Try it
For this exercise, please transcribe exactly and only the lines from the one containing "UGG boots - Image 9" through the end of the material, both ends included, without pictures.

Exercise data
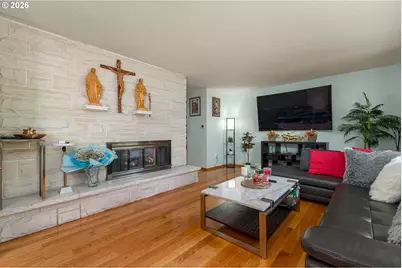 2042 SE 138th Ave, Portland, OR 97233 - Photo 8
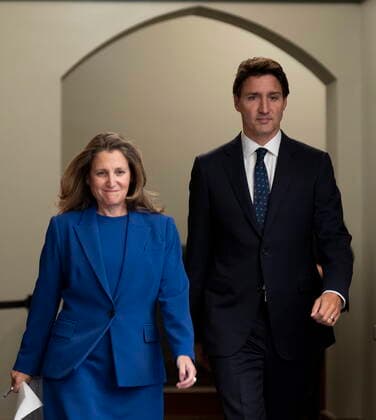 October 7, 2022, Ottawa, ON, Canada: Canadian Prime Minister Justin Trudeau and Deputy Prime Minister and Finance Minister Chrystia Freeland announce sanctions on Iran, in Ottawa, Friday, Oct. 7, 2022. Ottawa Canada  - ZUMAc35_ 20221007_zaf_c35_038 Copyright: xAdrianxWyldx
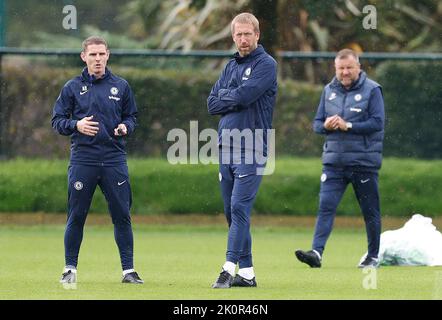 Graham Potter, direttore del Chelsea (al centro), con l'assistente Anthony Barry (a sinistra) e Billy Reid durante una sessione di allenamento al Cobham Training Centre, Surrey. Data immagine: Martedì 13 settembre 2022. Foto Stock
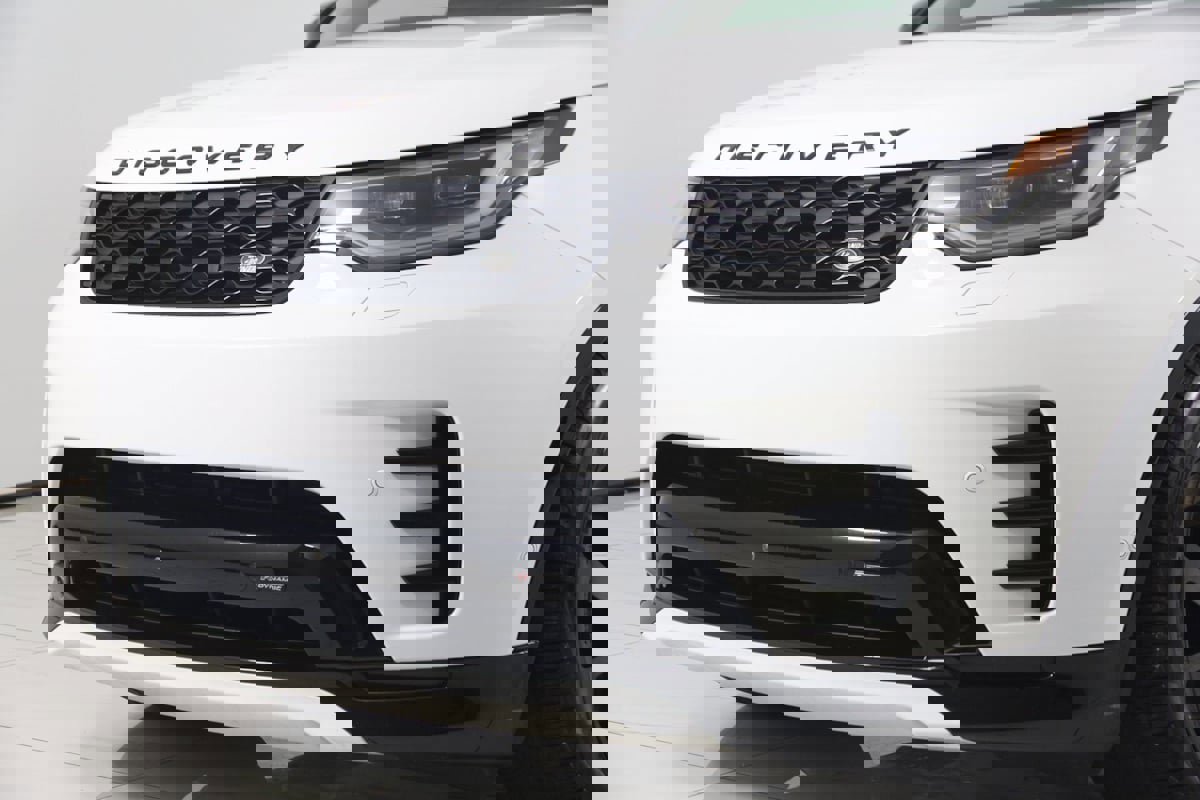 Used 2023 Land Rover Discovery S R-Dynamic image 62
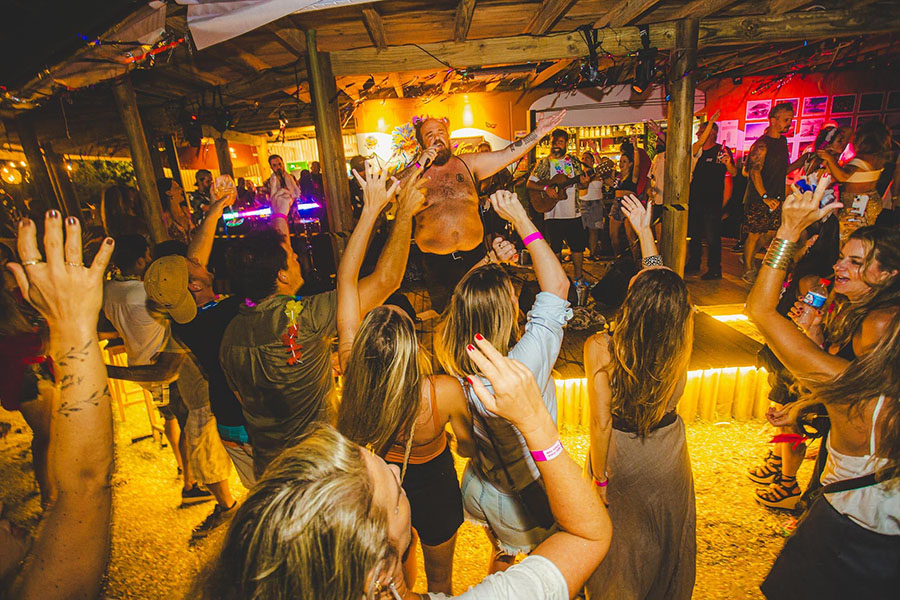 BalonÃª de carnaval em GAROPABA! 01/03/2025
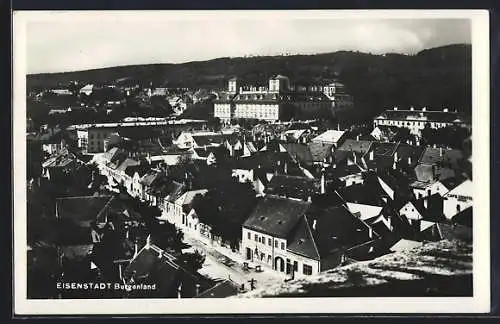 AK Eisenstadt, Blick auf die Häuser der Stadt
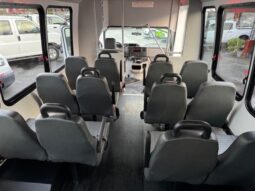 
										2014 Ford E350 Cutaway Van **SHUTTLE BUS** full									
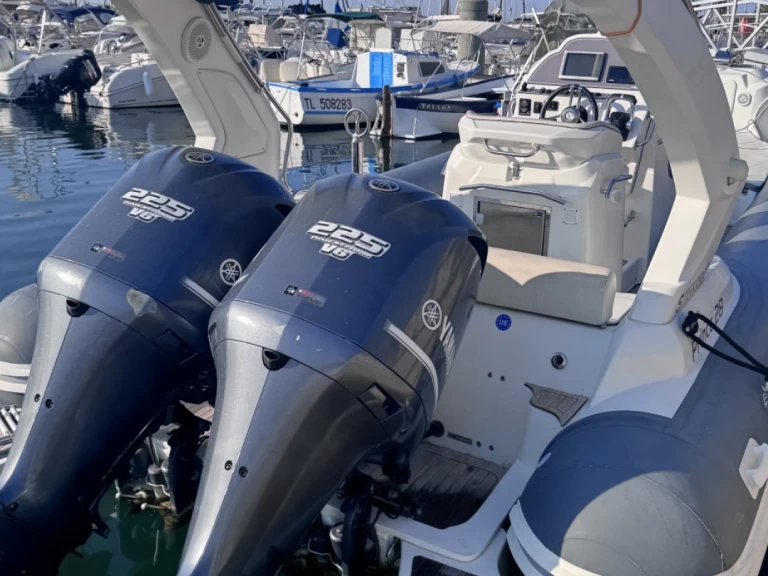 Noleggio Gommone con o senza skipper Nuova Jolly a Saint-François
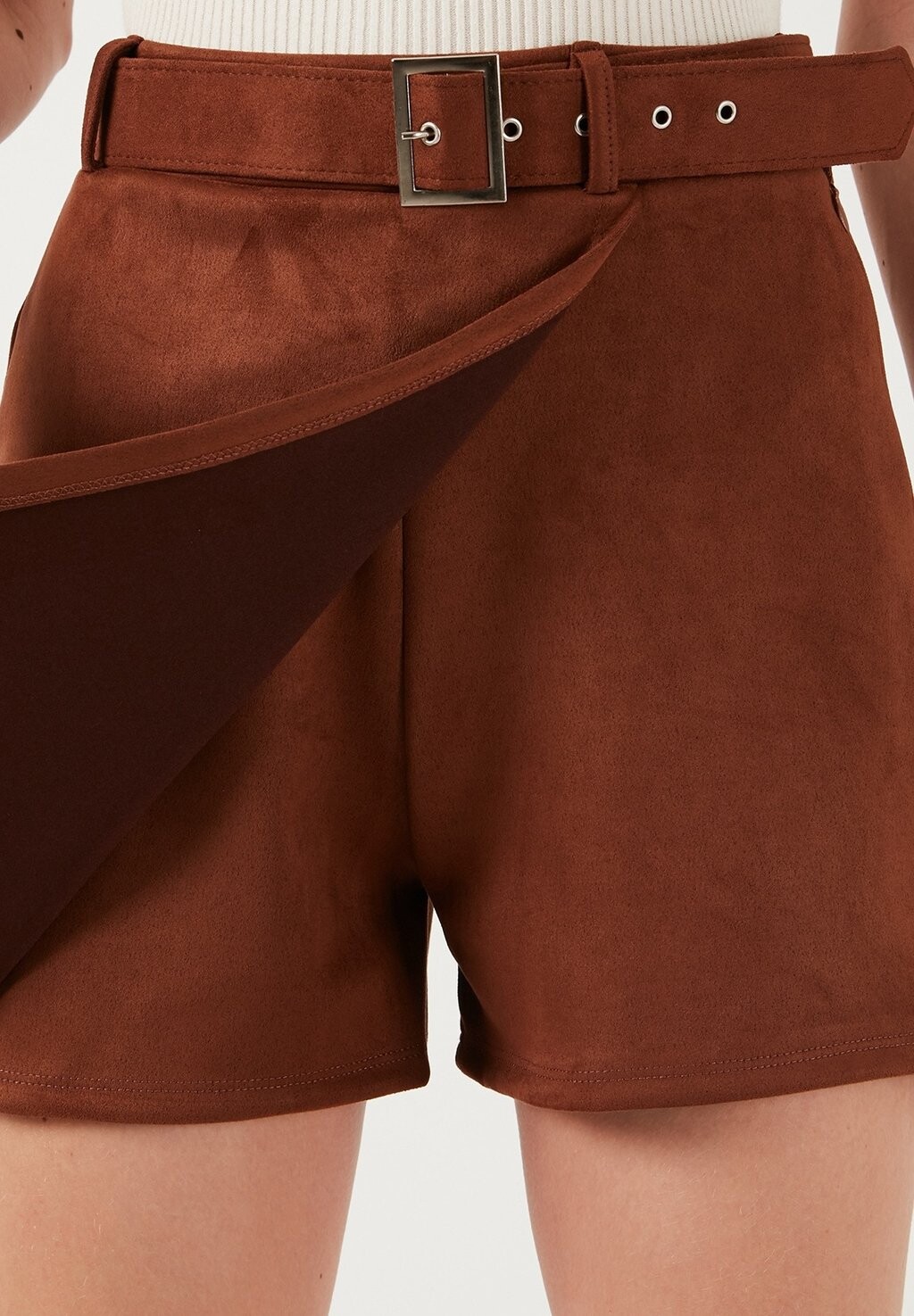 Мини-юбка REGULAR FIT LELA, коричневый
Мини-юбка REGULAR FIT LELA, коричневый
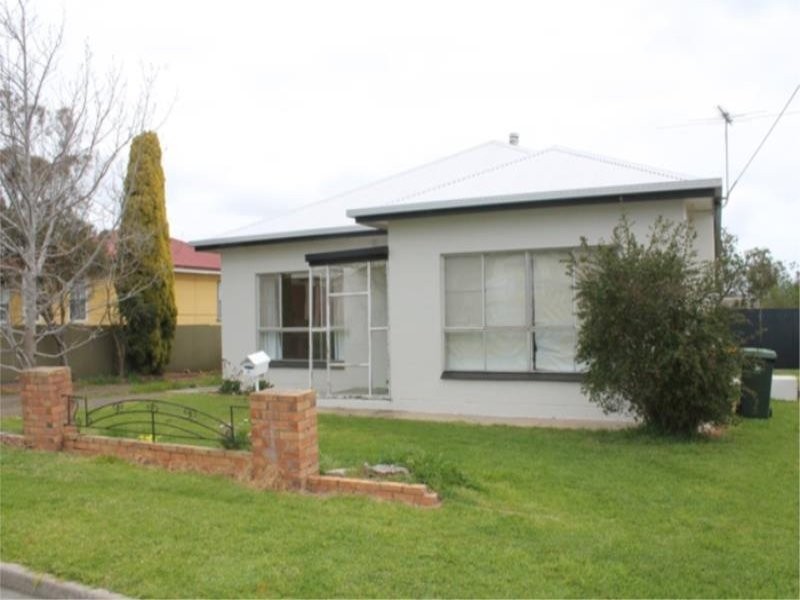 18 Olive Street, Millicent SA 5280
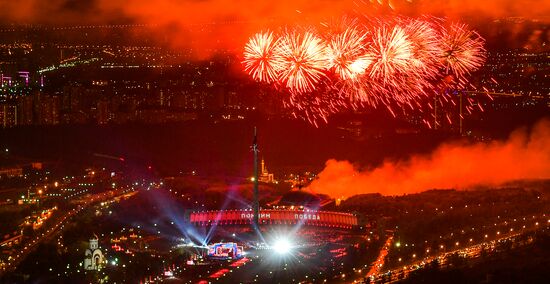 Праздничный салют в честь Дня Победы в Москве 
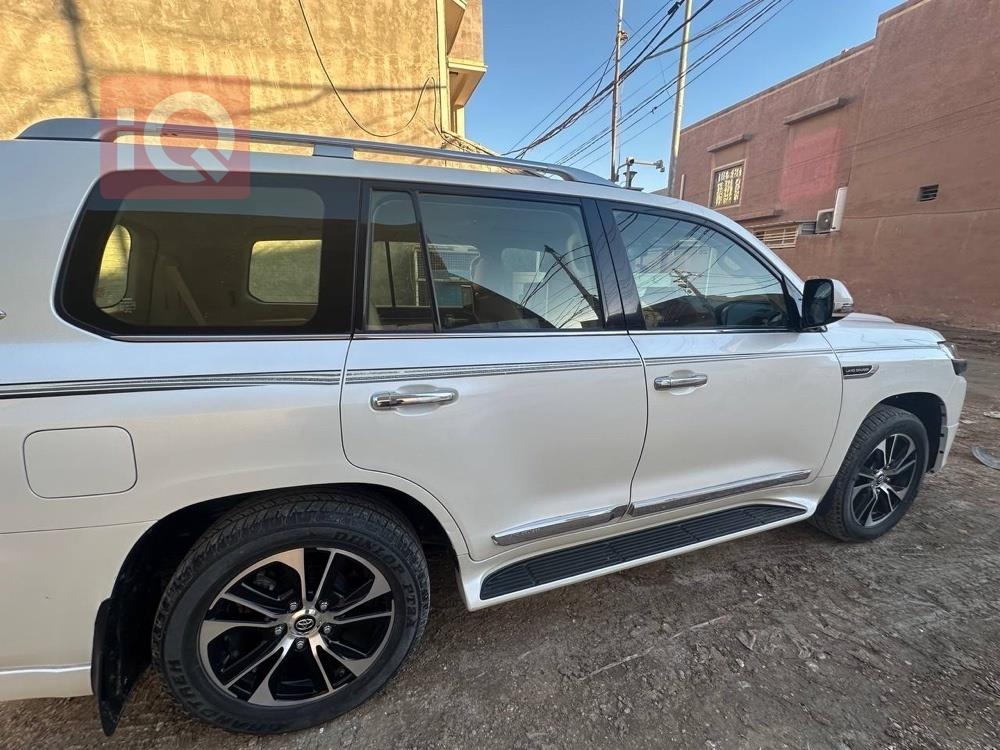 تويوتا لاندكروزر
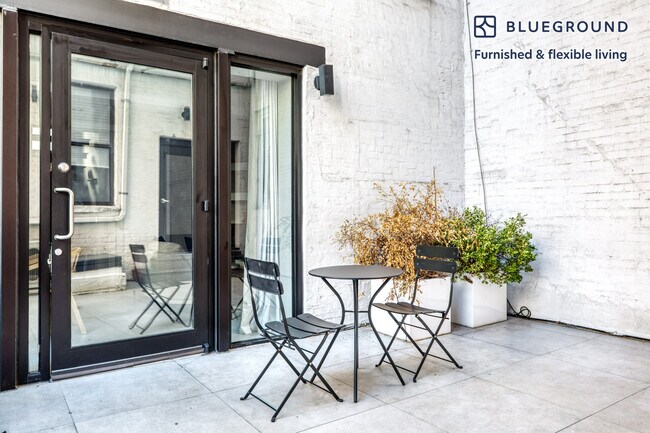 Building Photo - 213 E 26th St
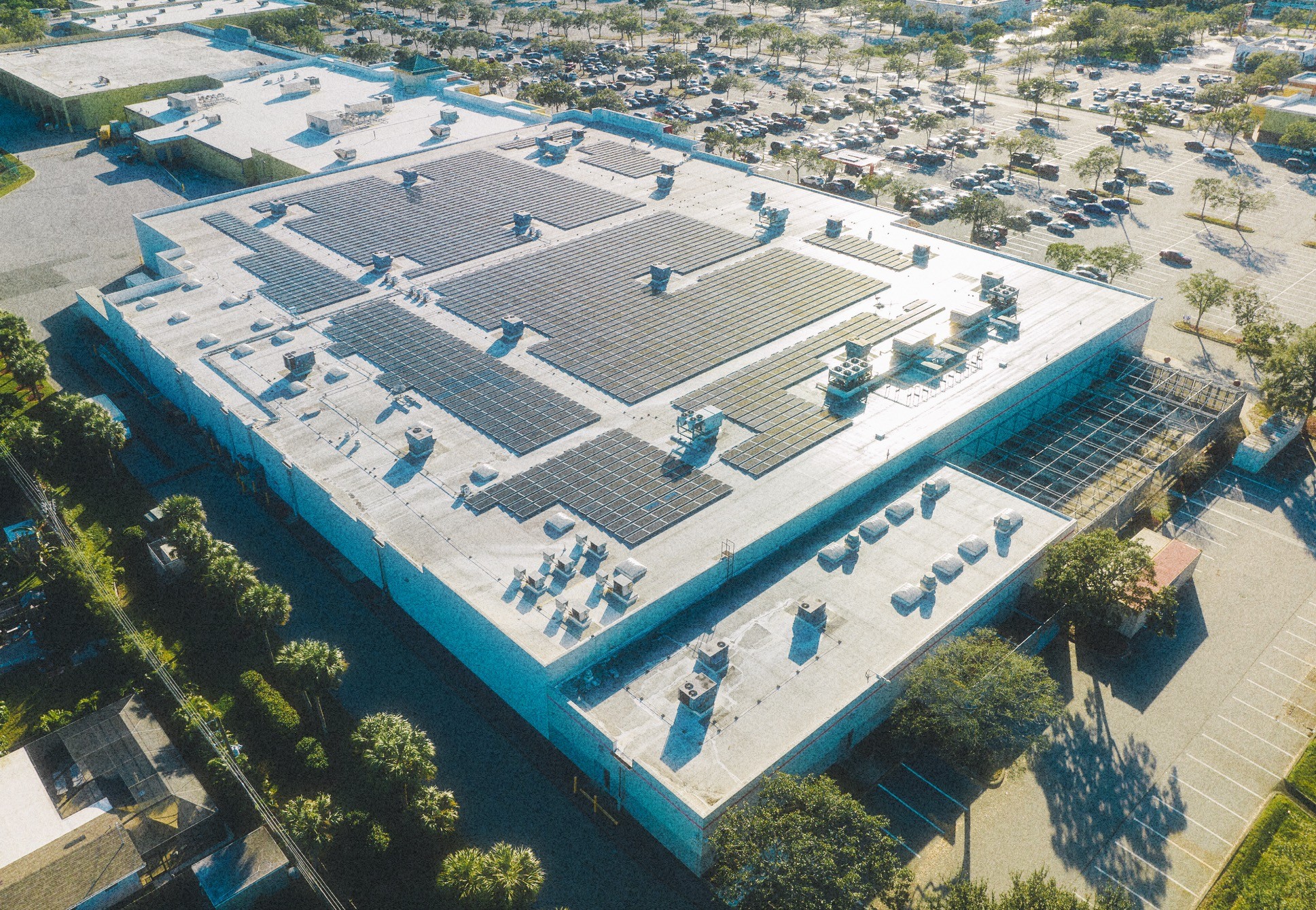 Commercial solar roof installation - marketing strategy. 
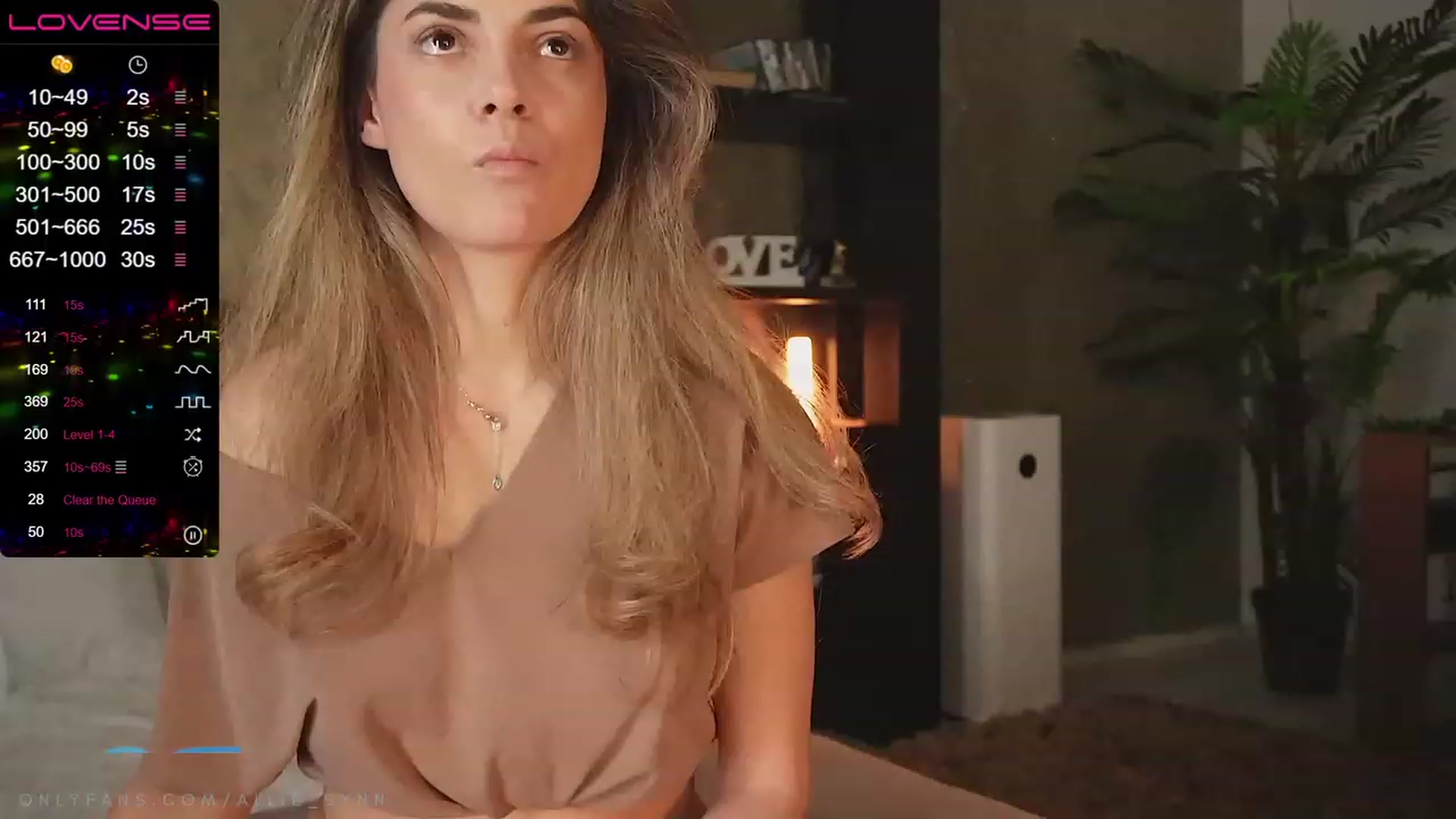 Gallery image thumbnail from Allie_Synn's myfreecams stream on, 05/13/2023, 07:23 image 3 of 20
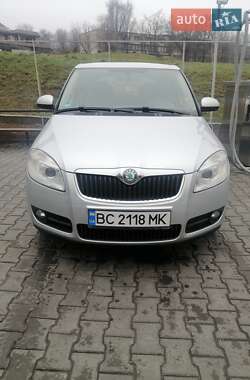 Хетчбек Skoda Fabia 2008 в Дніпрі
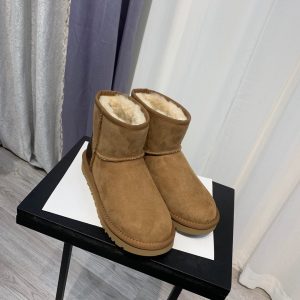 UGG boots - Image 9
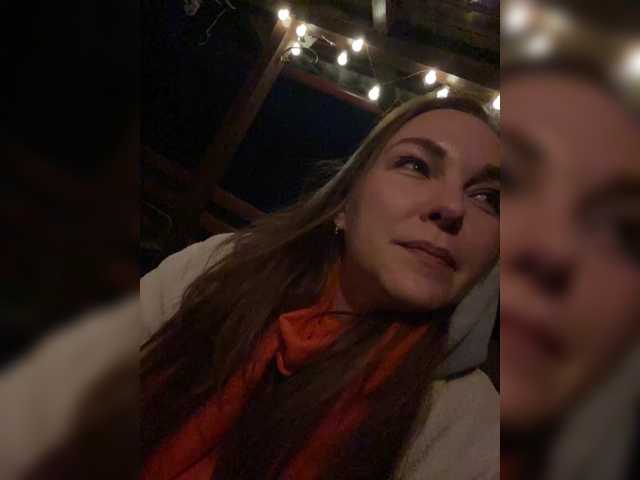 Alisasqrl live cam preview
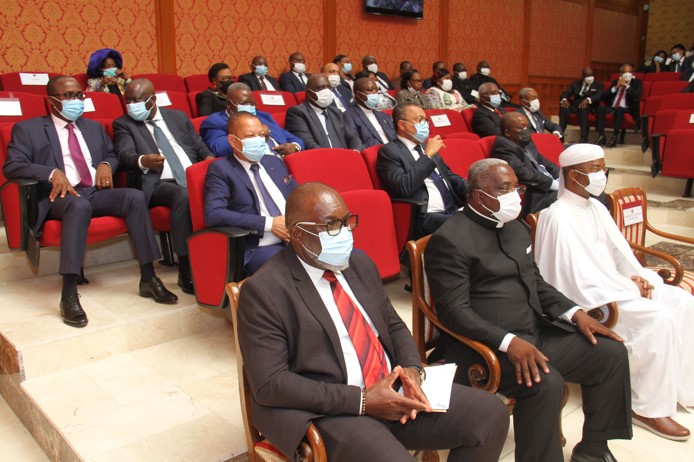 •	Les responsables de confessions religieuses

Answer to the exercise
 UGG boots - Image 9
 Alisasqrl live cam preview
 •	Les responsables de confessions religieuses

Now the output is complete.